Pour l'année 2007, les recettes non fiscales évoluent favorablement en raison de l'amélioration substantielle de la situation économique et financière du secteur public, les dividendes versés à l'État par ce dernier augmentant de plus de 3 milliards d'euros, sans compter le résultat exceptionnel, que nous appréhendons en partie, dû à la cession, par la Caisse des dépôts et consignations, de sa participation dans la Caisse nationale des caisses d'épargne.

Étudions maintenant l'évolution des recettes fiscales d'une année à l'autre.

Nous raisonnons ici en données de caractère structurel, et nous mesurons l'incidence, en année pleine, des mesures votées l'an dernier, s'agissant, en particulier, de la réforme de l'impôt sur la personne et de celle de la taxe professionnelle. (Exclamations sur les travées du groupe CRC.)

Mme Hélène Luc. Vous n'écoutez pas les maires, ni les citoyens que nous réunissons !

M. Philippe Marini, rapporteur général. Regardez les chiffres avant de porter des appréciations, chers collègues ! C'est une réalité factuelle, elle ne devrait pas vous gêner en tant que telle ! Elle doit susciter le débat. (Protestations sur les mêmes travées.)

Mme Hélène Luc. Me permettez-vous de vous interrompre, monsieur le rapporteur général ?

M. Philippe Marini, rapporteur général. Je vous en prie, madame Luc.

M. le président. La parole est à Mme Hélène Luc, avec l'autorisation de M. le rapporteur général.
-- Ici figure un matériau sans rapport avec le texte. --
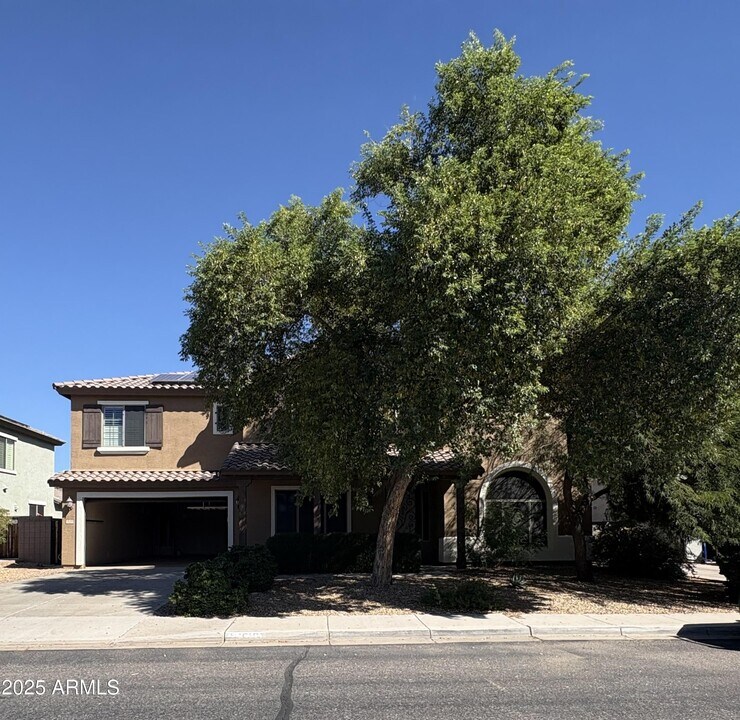 15165 N 143rd Ave in Surprise, AZ - Building Photo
Mme Hélène Luc. Vous parlez de la réforme de la taxe professionnelle, monsieur le rapporteur général, mais vous n'entendez pas ce que disent les maires participant actuellement au congrès des maires de France ou les citoyens que nous réunissons - j'ai moi-même pris part, avant-hier, à une assemblée de la population de Choisy-le-Roi sur le thème des recettes municipales.

M. Christian Cambon. Ce sont des militants, madame !

Mme Hélène Luc. Vous vous bornez à dire ce qui vous convient, à propos notamment de la loi organique relative aux lois de finances, avec laquelle, vous le savez, nous sommes en complet désaccord !

M. Philippe Marini, rapporteur général. Ah bon ! C'est intéressant ! On le dira à M. Migaud...

Mme Hélène Luc. En effet, elle induit une méthode de travail telle que les sénateurs, au terme de la discussion du projet de loi de finances, ne peuvent même plus expliquer leur vote individuellement ! Croyez-vous que c'est ainsi que l'on permettra au Parlement d'être mieux associé à l'élaboration du budget ? Pour ma part, j'affirme que la démocratie régresse et qu'il est temps que vos amis quittent les responsabilités gouvernementales ! (Applaudissements sur les travées du groupe CRC et du groupe socialiste.)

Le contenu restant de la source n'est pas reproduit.